Number of classes affects results significantly

Why does number of classes affect results so much? Is there a way to get more consistent results? See below for two very different results on the same stack, the only difference in the 2D job is classes=20 vs classes=30. Related question, why is the number of particles different even though the same input stack is used (1,297,609 input particles, but slightly different numbers appear on the job summary).

1 Like

This is because when you go at/below 20 classes, cryoSPARC automatically switches off Force/Max over poses shifts. I understand the reason for this but agree it is confusing, particularly as the number of iterations is not changed to match (it usually takes longer to converge with this parameter switched off)

4 Likes

Hi @August,

Seconding @olibclarke’s reply regarding the activation of marginalization for class numbers ≤ 20. This can be disabled by manually changing the parameter’s value.

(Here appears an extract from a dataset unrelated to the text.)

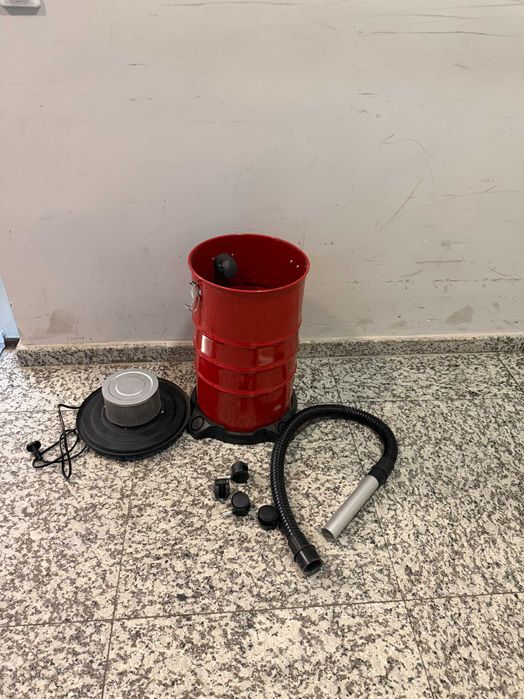 Прахосмукачка за пепел 1000W 18L RD-WC02/Прахосмукачка за пепел WC03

For your second question, I suspect the disagreement in the number of reported particles is because as of CryoSPARC v4.1, 2D Classification will reject “duplicate” particles by default. A pair of particles is considered to be “duplicates” if they have refined such that their shifts place them within less than the minimum separation distance, as described in the 2D Classification job page. Since duplicate detection depends on the refined alignments, each re-run of 2D Classification may indeed find slightly different sets of duplicates, leading to different numbers of particles rejected. Note that activation of duplicate removal, as well as the minimum separation distance, are both parameters that can be altered.

Best,
Michael

1 Like